- [Assignment] Look at the entries below and restate word for word the lines from the first through the one that has "Estação Paris - Click".

- [Records for the exercise]
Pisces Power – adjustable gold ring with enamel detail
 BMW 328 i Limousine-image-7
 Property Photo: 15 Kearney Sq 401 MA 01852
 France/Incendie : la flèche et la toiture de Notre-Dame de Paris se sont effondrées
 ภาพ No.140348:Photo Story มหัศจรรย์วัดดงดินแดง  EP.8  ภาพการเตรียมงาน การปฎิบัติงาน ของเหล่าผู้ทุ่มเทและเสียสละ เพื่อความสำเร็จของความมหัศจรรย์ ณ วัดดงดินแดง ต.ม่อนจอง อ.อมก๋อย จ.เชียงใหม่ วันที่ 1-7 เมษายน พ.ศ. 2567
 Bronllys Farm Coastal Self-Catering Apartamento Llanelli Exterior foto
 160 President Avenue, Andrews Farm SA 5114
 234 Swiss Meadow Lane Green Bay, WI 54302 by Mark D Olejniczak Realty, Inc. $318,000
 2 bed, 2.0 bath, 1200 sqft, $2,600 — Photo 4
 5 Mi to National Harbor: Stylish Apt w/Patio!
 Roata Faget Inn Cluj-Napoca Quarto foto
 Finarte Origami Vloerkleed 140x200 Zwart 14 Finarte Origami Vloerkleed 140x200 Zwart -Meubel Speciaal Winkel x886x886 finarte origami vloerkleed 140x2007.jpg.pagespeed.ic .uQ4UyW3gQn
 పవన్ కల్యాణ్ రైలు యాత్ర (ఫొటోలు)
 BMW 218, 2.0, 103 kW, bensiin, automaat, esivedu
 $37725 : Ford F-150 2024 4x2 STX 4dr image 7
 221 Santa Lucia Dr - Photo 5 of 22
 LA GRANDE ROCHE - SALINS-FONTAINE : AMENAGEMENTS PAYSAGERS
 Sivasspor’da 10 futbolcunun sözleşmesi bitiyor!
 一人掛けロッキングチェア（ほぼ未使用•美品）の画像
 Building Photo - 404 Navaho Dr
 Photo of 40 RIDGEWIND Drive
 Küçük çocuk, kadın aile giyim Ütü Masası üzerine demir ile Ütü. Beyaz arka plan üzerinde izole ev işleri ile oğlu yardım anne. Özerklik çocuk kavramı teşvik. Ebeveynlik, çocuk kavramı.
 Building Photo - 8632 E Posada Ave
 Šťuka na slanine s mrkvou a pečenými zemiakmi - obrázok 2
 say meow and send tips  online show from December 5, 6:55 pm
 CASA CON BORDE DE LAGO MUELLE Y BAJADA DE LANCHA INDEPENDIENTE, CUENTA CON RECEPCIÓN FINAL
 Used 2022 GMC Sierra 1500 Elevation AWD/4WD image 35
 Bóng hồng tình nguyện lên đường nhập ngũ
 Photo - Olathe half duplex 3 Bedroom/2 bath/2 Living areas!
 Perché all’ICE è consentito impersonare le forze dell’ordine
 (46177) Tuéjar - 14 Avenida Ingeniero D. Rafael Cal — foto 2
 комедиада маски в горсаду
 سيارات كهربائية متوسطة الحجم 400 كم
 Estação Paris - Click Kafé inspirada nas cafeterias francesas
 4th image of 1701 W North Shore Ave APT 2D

- [Answer for this exercise]
Pisces Power – adjustable gold ring with enamel detail
 BMW 328 i Limousine-image-7
 Property Photo: 15 Kearney Sq 401 MA 01852
 France/Incendie : la flèche et la toiture de Notre-Dame de Paris se sont effondrées
 ภาพ No.140348:Photo Story มหัศจรรย์วัดดงดินแดง  EP.8  ภาพการเตรียมงาน การปฎิบัติงาน ของเหล่าผู้ทุ่มเทและเสียสละ เพื่อความสำเร็จของความมหัศจรรย์ ณ วัดดงดินแดง ต.ม่อนจอง อ.อมก๋อย จ.เชียงใหม่ วันที่ 1-7 เมษายน พ.ศ. 2567
 Bronllys Farm Coastal Self-Catering Apartamento Llanelli Exterior foto
 160 President Avenue, Andrews Farm SA 5114
 234 Swiss Meadow Lane Green Bay, WI 54302 by Mark D Olejniczak Realty, Inc. $318,000
 2 bed, 2.0 bath, 1200 sqft, $2,600 — Photo 4
 5 Mi to National Harbor: Stylish Apt w/Patio!
 Roata Faget Inn Cluj-Napoca Quarto foto
 Finarte Origami Vloerkleed 140x200 Zwart 14 Finarte Origami Vloerkleed 140x200 Zwart -Meubel Speciaal Winkel x886x886 finarte origami vloerkleed 140x2007.jpg.pagespeed.ic .uQ4UyW3gQn
 పవన్ కల్యాణ్ రైలు యాత్ర (ఫొటోలు)
 BMW 218, 2.0, 103 kW, bensiin, automaat, esivedu
 $37725 : Ford F-150 2024 4x2 STX 4dr image 7
 221 Santa Lucia Dr - Photo 5 of 22
 LA GRANDE ROCHE - SALINS-FONTAINE : AMENAGEMENTS PAYSAGERS
 Sivasspor’da 10 futbolcunun sözleşmesi bitiyor!
 一人掛けロッキングチェア（ほぼ未使用•美品）の画像
 Building Photo - 404 Navaho Dr
 Photo of 40 RIDGEWIND Drive
 Küçük çocuk, kadın aile giyim Ütü Masası üzerine demir ile Ütü. Beyaz arka plan üzerinde izole ev işleri ile oğlu yardım anne. Özerklik çocuk kavramı teşvik. Ebeveynlik, çocuk kavramı.
 Building Photo - 8632 E Posada Ave
 Šťuka na slanine s mrkvou a pečenými zemiakmi - obrázok 2
 say meow and send tips  online show from December 5, 6:55 pm
 CASA CON BORDE DE LAGO MUELLE Y BAJADA DE LANCHA INDEPENDIENTE, CUENTA CON RECEPCIÓN FINAL
 Used 2022 GMC Sierra 1500 Elevation AWD/4WD image 35
 Bóng hồng tình nguyện lên đường nhập ngũ
 Photo - Olathe half duplex 3 Bedroom/2 bath/2 Living areas!
 Perché all’ICE è consentito impersonare le forze dell’ordine
 (46177) Tuéjar - 14 Avenida Ingeniero D. Rafael Cal — foto 2
 комедиада маски в горсаду
 سيارات كهربائية متوسطة الحجم 400 كم
 Estação Paris - Click Kafé inspirada nas cafeterias francesas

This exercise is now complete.